I know I've blogged about these funks before, but I have found myself in the middle of one again.
Where I'm ready to move so bad it hurts, but ya can't move when your house hasn't sold. Where I just want to open our home up to friends, family and everyone in between, but we are a tad tight on elbow room. Where my desires seem to be pure and good so I just get flustered with God for working on this whole patience and contentment thing that I always struggle with. Point taken big guy, reading you loud and clear. Where I want to be home more, but I know my job is a calling and my clients need me.
So, today I need a new mindset. I need to refocus and take a step. Because that's what life is, one step at a time. If you run or look too far ahead you become overwhelmed. If you drag and look behind you seem to stop moving all together.
Our tiny home is just that, our home. All 900 square feet of it. I love our little home. It was my first really big kid purchase (well adult purchase, let's be real). I met Chris is this house. He proposed in this house. We brought Henry home to this house. My little blue house might be tight, but it is home for now and I need to make the most of that.
Starting today, this little house and my mind are getting a little face lift. Closets are going to start being cleaned, I might hang a few new pictures or tackle the spray paint projects I've been putting to the side.

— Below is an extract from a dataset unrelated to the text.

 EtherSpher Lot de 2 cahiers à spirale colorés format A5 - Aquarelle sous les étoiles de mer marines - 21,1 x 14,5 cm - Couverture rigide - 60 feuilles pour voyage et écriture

I keep thinking things will wait until we move, but right now that is unclear. The perfect buyer could come tomorrow (because our house is pretty cute and lovely). But, God might want us here for a while longer for some unknown reason, and that's ok. Because He always works for the good of those who love Him and I trust the next turn will be great if I walk beside Him rather than in front.
So watch out donation box at Walgreens because purging is under way. Chris, if you are reading this, a honey do list is being made. You ugly black shelves that have been hanging for 5 years, you're about to hit the curb. I'm ready to live in our little home again rather than be frustrated every other day. This is going to be fun!!!
And what post is complete without a cameo appearance from this fellow? We had just pulled into the driveway after being gone all day and I had said we were home. He smiled real big and let out a big sigh. Love that answers to prayer come in the simplest ways.